DATA SEGMENT >>
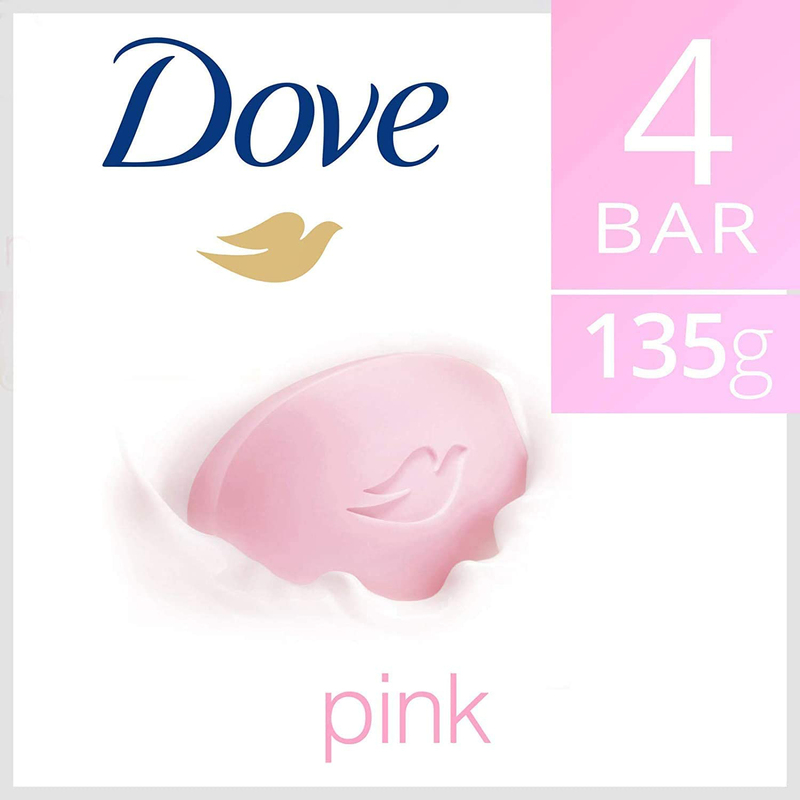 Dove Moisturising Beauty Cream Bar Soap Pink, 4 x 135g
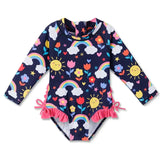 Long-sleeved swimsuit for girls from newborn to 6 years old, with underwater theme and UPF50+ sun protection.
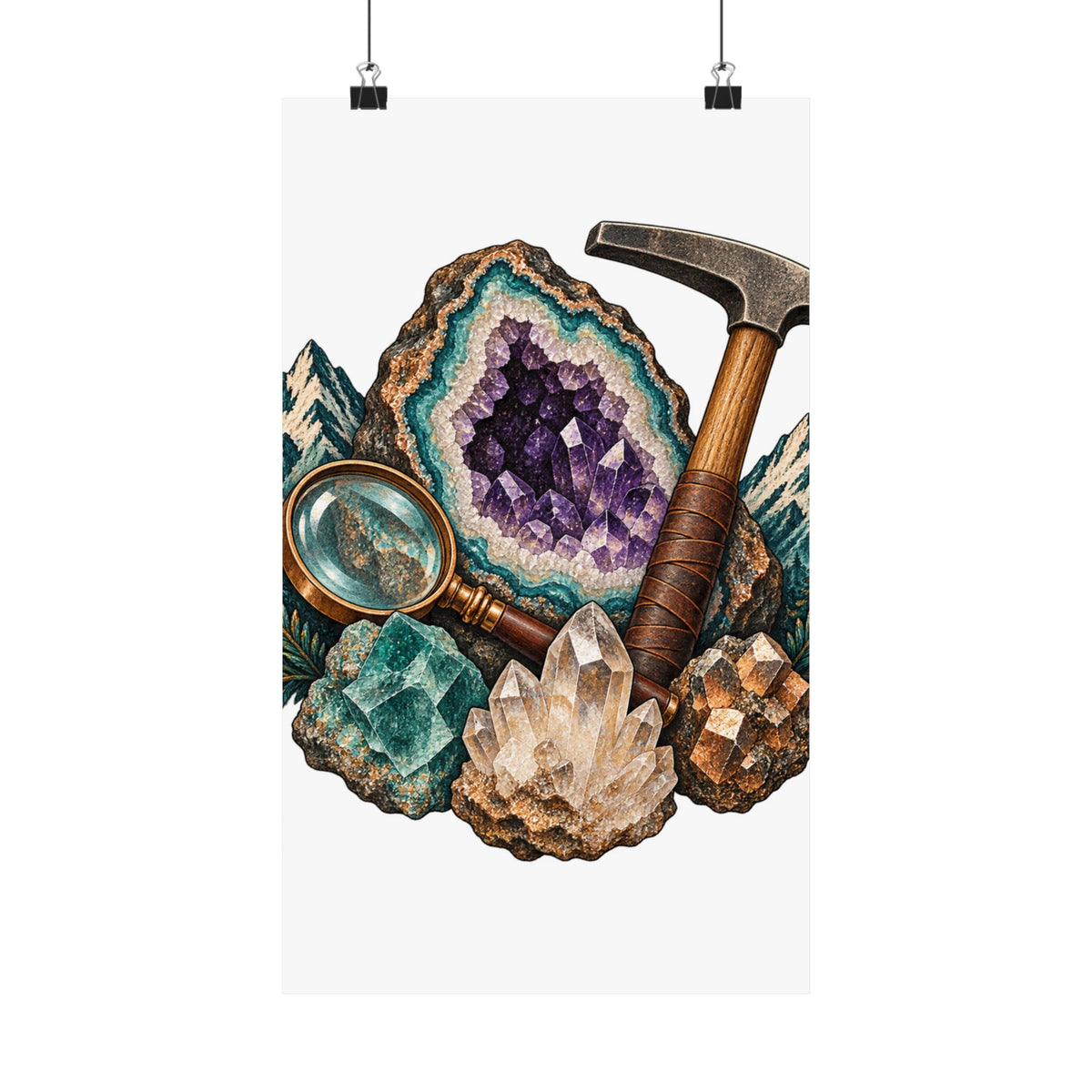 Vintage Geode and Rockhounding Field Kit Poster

AIM OF THE EXERCISE >> Copy the preceding data in full and word for word, dropping its pictures.

RESPONSE >>
 Dove Moisturising Beauty Cream Bar Soap Pink, 4 x 135g
 Long-sleeved swimsuit for girls from newborn to 6 years old, with underwater theme and UPF50+ sun protection.
 Vintage Geode and Rockhounding Field Kit Poster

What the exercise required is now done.